Local Wiccan after running into the Green Train
Nashville’s Green Train, an eco-educational non-profit run by Merle Haggard and restaurateur Bob Wolf, had a witch in its ranks until recently. Or, to be more precise, a pagan. Not the kind historically drawn and quartered or burned at the stake, but rather the contemporary tree-hugging, Birkenstock-wearing, vegan variety.
That was until Wolf charged this Wiccan ordained minister, Susan Hunter, with creating Green Train’s MySpace page. The personal networking catastrophe that followed-- replete with online earthy salutations and pentagrams--saw Hunter canned in spectacular fashion back in mid-September. She’s crying discriminatory foul. He’s got his hands up, as if to say, “Hey, read our mission: We’re a-political, a-religious, a-everything except the environment.”
Hunter created Green Train’s MySpace page to get the word out about a train laden with musical greats like Vince Gill, Willie Nelson and Merle Haggard set to hit the rails in 2009. Their glowing celebrity will, Wolf hopes, attract crowds at whistle-stops across the country, who could then be proselytized on the greener side of life.

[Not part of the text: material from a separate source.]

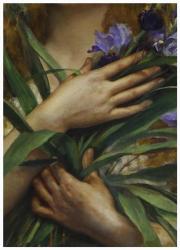 Georges Roussin, Ophelia detail | Obraz na stenu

Any MySpace neophyte knows that a personal page is pretty lonely without a bunch of friends to festoon it. To address this dearth, Hunter sent out “friend invitations” to 40 of her friends who also happened to be earth-loving hippies and pagans of various stripes. When the messages started flowing in—“Blessed be” or “Faerie blessings,” usually accompanied by a pentagram and pictures of ivory-skinned ladies identifying themselves exotically as Asterope Morgaine and Feryia—Hunter says Wolf blew a gasket, ordering that all pentagrams be deleted. She says she deleted the Christian symbols too, out of spite before being summarily dismissed.
“This is a witch hunt by somebody who got her feelings hurt,” Wolf said, though the old cliché would seem to be reversed here. “I don’t have a problem with people’s opinions. I even went to a pagan day festival; we bought her a pagan bible.”
Hunter is unconvinced.
“It’s my opinion that I was fired for religious reasons,” she said.

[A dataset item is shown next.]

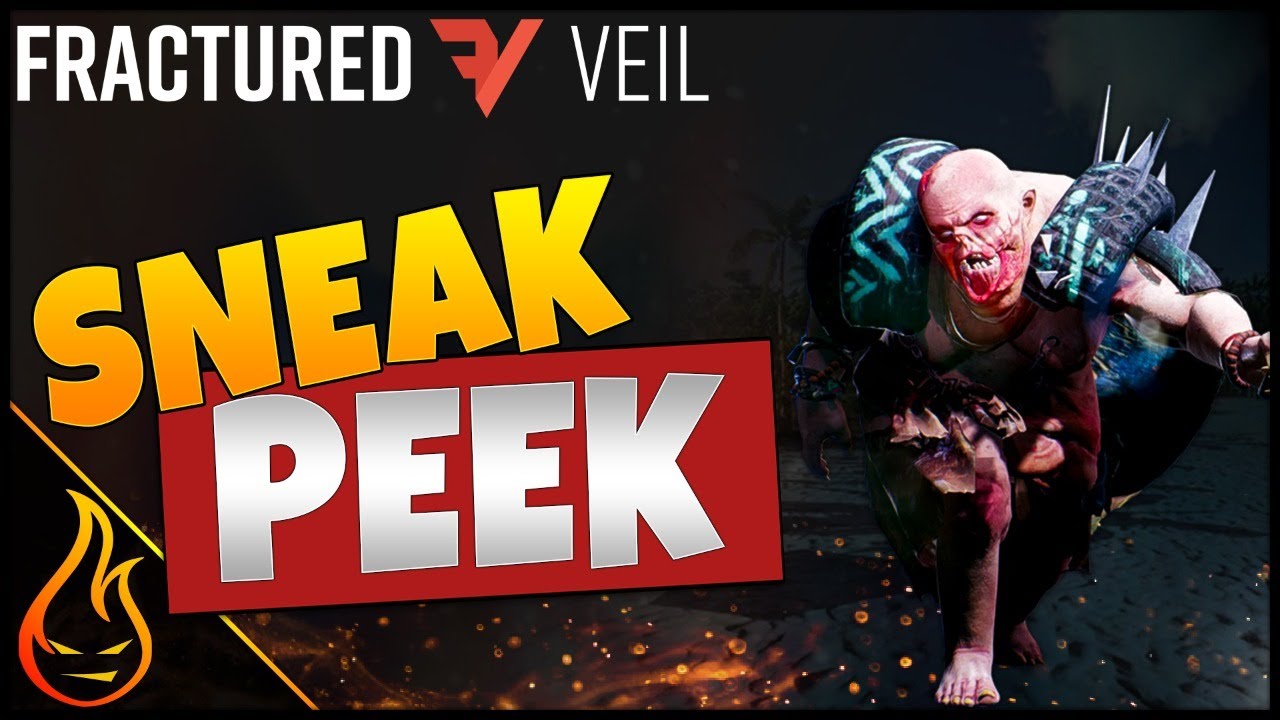 We Continue Horror Week With Sneak Peek At Fractured Veil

Wolf claims Hunter was just a volunteer. But perhaps the most stinging accusation hurled by Hunter was this: “The guy doesn’t even recycle.”
Wolf didn’t deny it, but he did gamely say, “I never was green. One day it came to me why I wasn’t green and why I didn’t care about being green. I spoke to Merle about it, and we don’t know how to be green.”
That, Wolf insists, is the goal—to help the red-blooded American understand.
Will the average American see the pentagram as a symbol of faith and the four elements precious to Wicca? Doubtful.